When we first embraced Kubernetes at Salesforce six years ago, we also accelerated our adoption of a DevOps culture. The two together help us quickly deliver value to our customers and, by following a simple recipe, can help you do the same.

DevOps answers the question, “How do software companies deliver value efficiently in this quickly changing world, at speed and with quality, while maintaining the trust of their customers?”

Some Background

Historically, we have used Puppet to deploy Docker, Etcd and Kubernetes control plane and worker nodes on bare metal. Puppet relies on systemd to manage the daemons on each machine. Puppet is also used to keep the machines updated with new dependencies or rolling out new versions of Kubernetes.
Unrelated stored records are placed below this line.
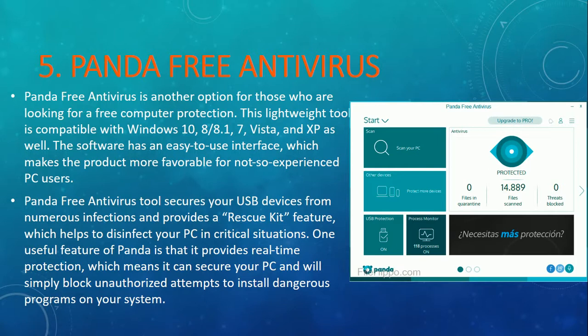Now if I talk about number 5, it's Panda free antivirus. This is the interface — you can see how it looks. The best part of Panda antivirus is it's available for all versions of Windows — Windows 8, 10, 8.1, 7, Vista, and XP — so you can use it on any computer. It also gives special protection by detecting malware and viruses coming from peripheral devices like USB drives.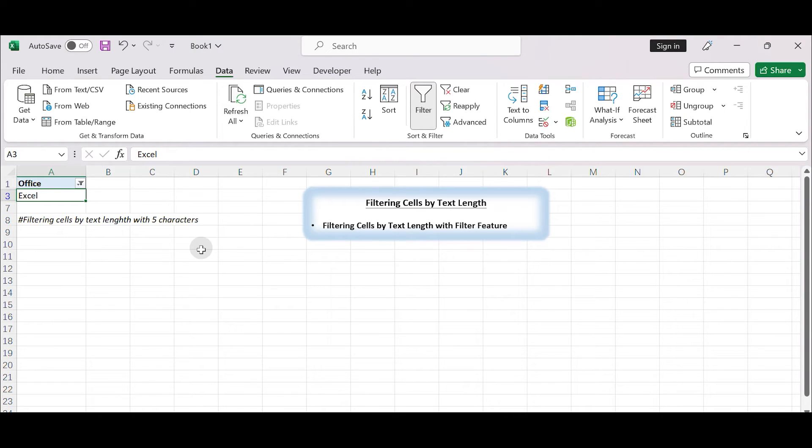You can then work with the filtered data. Filter cells by text length with a formula.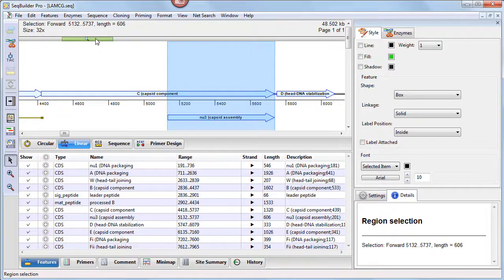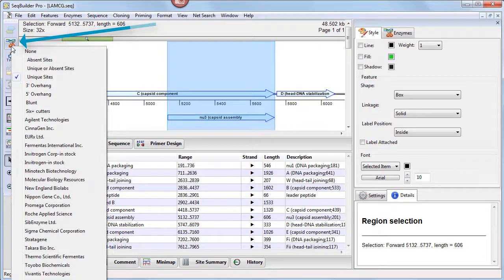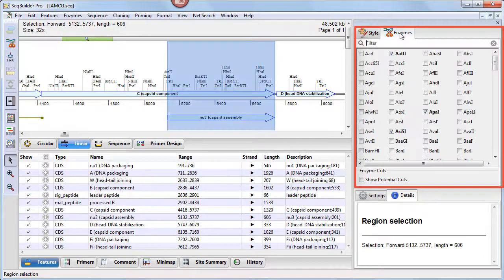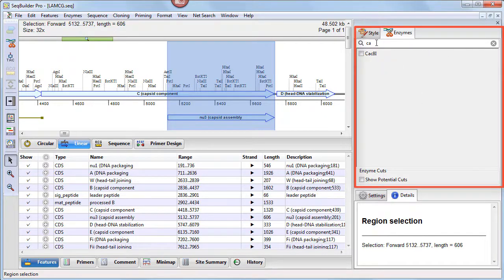In these views, you can now easily apply entire categories of restriction enzymes using the tools on the left. There's also a new enzymes panel that lets you choose from lists of enzymes in alphabetical order, and also lets you search for specific enzymes with our new responsive search feature.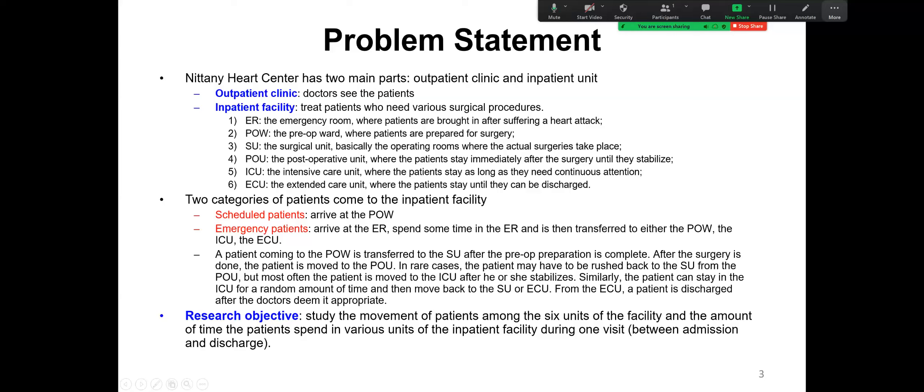POW is a pre-op, pre-operation ward, where patients are prepared for surgery. SU is a surgical unit, basically the operating rooms where the actual surgery takes place. POU is the post-operative unit where patients stay immediately after surgery until they stabilize. ICU is the intensive care unit where patients stay as long as they need continuous attention or real-time monitoring. ECU is the extended care unit — after the ICU, the patient is moved to ECU and stays until they can be discharged.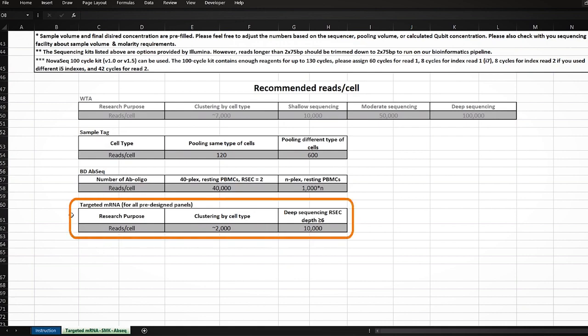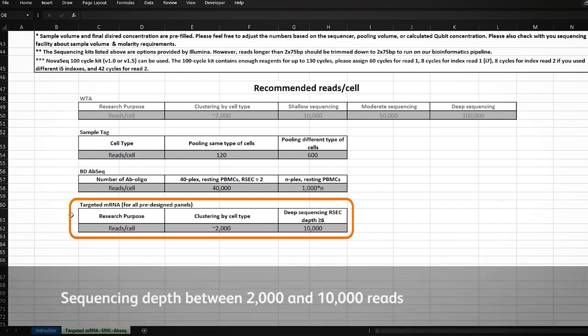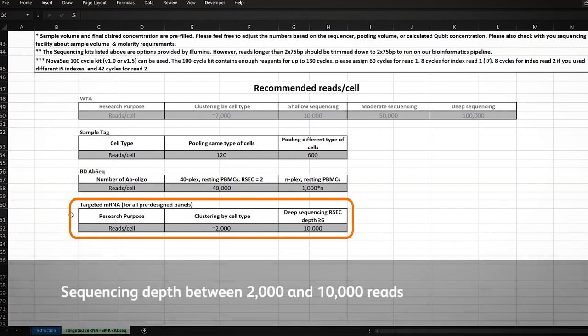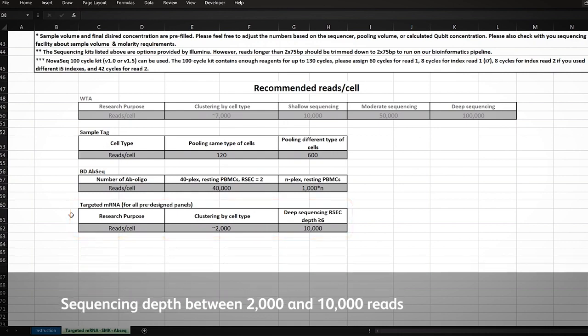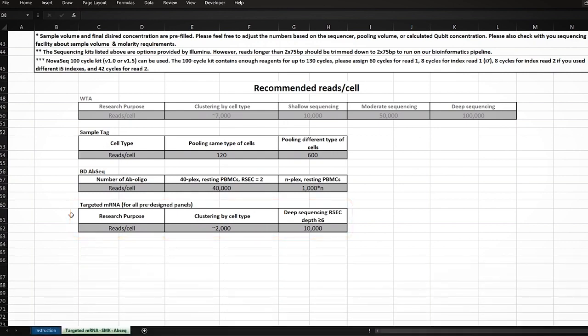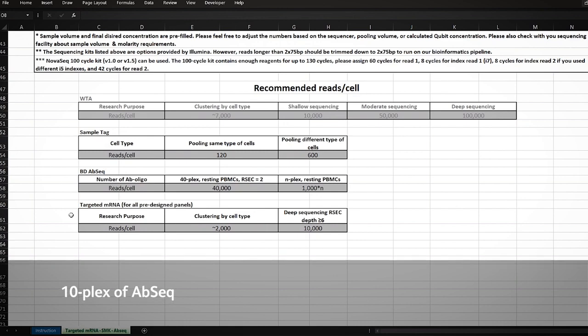Since our experiment is for a targeted mRNA assay, we will choose a sequencing depth between 2,000 and 10,000 reads per cell for the mRNA library. We additionally use a template of AbSeq antibodies and a few sample tag antibodies.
The principles discussed here also apply to our public cloud architecture, Hyperforce.

DevOps Principles

The five principles below are all closely related and will help you reach the end goal of delivering value to your customers.

Collaboration between developers and operations
Automating processes
Culture of continuous improvement
Measuring everything
Focusing on customer needs

Services are jointly owned end-to-end; no more throwing code over the wall for Ops to deal with after it is written. Everything that happens to deliver software after a commit is made should be automated. There should be a short feedback cycle and quick adaptation based on that feedback.

Sponsorships Available

Operationalize It

We did not have a distinct operations team when we initially set up Kubernetes. We did the on-call rotation ourselves for three years and got to experience the fruits of our own labor, however sour or sweet they were, so we were highly attuned to operating our stack in the most efficient ways possible. During this time, we created runbooks while we learned (the hard way) what it took to operate the system we had built from scratch. This was a good lesson. Since we were doing a round-the-clock on-call schedule initially, we had to be really mindful of what we were building: did it alert properly or not? Could we easily debug it at 2 a.m.? Was it easy to discover the root cause of issues? Slowly, when we transitioned the runbooks and on-call to our operations team, we streamlined the process. When operations reported a problem, we understood and empathized with them, because we had been in their shoes and knew what it took to operate the infrastructure. We worked together with the operations team to fine-tune alerts and review and triage live site issues. Both teams are now involved early on in the design of new features so that we know they will be easily operable.

Automate All the Things

We’ve enabled a GitOps style deployment pipeline for internal microservices at Salesforce. Our customers are other teams inside the company who want to focus on their business logic. We also use managed Kubernetes solutions like EKS, GKE and AKS in the public cloud to automate cluster upgrades. We make sure to monitor alerts while doing these upgrades, and we have a way to pause the upgrades when things go south, especially because we operate a multi-tenant cluster. We also automate node patching and ensure our tenants specify a PDB so that patching doesn’t bring down the services running on the cluster.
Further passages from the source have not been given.